Bullé – Todos devem manter a cautela. Temos feito reuniões no conselho de secretários do Estado e o consenso é de controlar gastos. Por isso, tivemos esse recente embate na questão do reajuste dos servidores. Nós gostaríamos de dar um aumento maior, mas não temos capacidade financeira. Hoje, o público tem uma lógica de funcionamento onde temos um orçamento que é na verdade um planejamento. Nada garante que vamos arrecadar esse valor. Temos que controlar os gastos para fechar as contas no fim do ano.
Quais os setores mais afetados pela crise em Lajeado?
Bullé – Tínhamos uma situação bastante privilegiada no setor de construções. Em média, 2,5 mil imóveis eram construídos por ano na cidade, índice que nenhuma cidade do país alcança. Porém, esse número já reduziu e a tendência é parar tudo. Mas a economia como um todo sofre e a tendência é continuar sofrendo. Com a alta da inflação e o aumento do desemprego, a máquina não gira. Comércio deixa de vender, os serviços deixam de ser demandados, investidores não investem porque o risco fica mais alto. Quem mais sofre com isso é a população de baixa renda, porque depende do trabalho para sobreviver.
O município teve aumento no número de empresas registradas, principalmente na modalidade de Micro Empresa Individual (MEI). Como essa modalidade contribui para a arrecadação?

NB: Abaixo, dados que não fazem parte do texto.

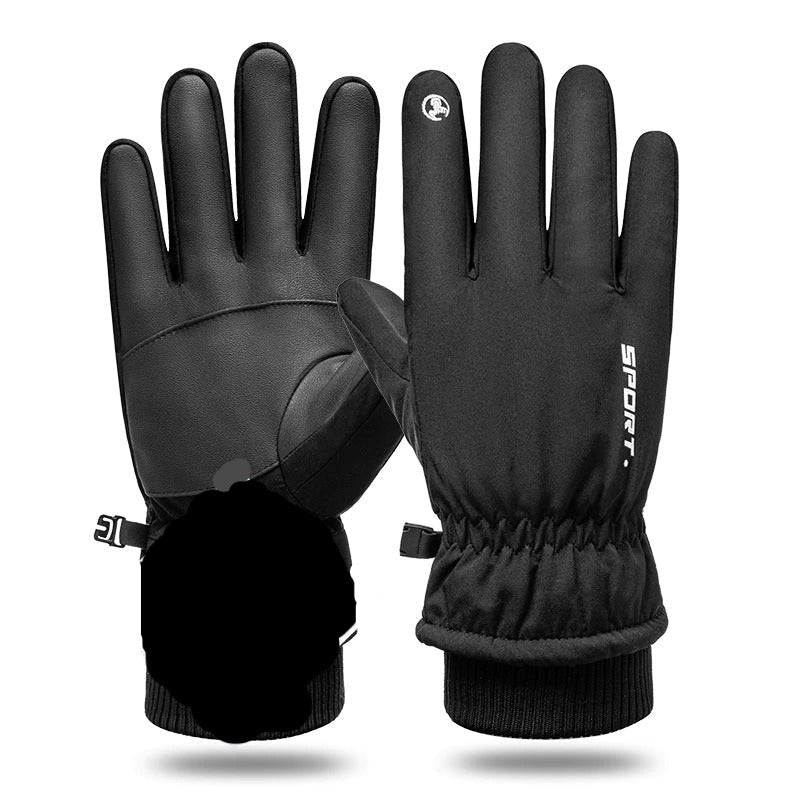 Best Quality Winter Waterproof Touch Screen Gloves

Bullé – Embora o objetivo seja louvável, de gerar emprego, renda e tirar pessoas da informalidade, o município acaba arrecadando menos. O que observamos é um movimento contrário. Empresas que já estavam consolidadas estão migrando para o MEI. Se não houver uma medida quanto a isso, haverá um colapso tributário. O MEI não é obrigado a omitir nota, então, como vamos fiscalizar a sonegação? Ficamos sem ferramentas para isso. Não sou contra o MEI, o problema é que no Brasil tudo se dá um jeitinho.
Como a sonegação impacta nos cofres públicos e quais as medidas para evitar esse problema?
Bullé – Quando assumimos o governo, identificamos falta estrutura para fiscalizar. A falta de investigações é um incentivo à ilegalidade. Nossa primeira providência foi contratar quatro novos fiscais. Mesmo assim, não foi suficiente para atender a demanda represada. Depois disso, iniciamos uma série de ações. Para se ter uma ideia, em 2012 arrecadamos em torno de R$ 250 mil por meio de auditorias. Em 2013, o número passou para R$ 350 mil e, no ano seguinte, R$ 3,7 milhões. Em 2015, foram R$ 5 milhões.
Em quais setores a arrecadação municipal pode evoluir?
Bullé – Principalmente nos serviços, onde o que se arrecada não equivale ao potencial de Lajeado. Existem muitos problemas, alguns por esquecimento, mas também casos de sonegação mesmo. No momento que você consulta com um médico e ele não dá nota, existe chance de sonegação. Isso acontece em vários segmentos. Todo contribuinte que contrata um serviço e deixa de exigir nota, ajuda os sonegadores.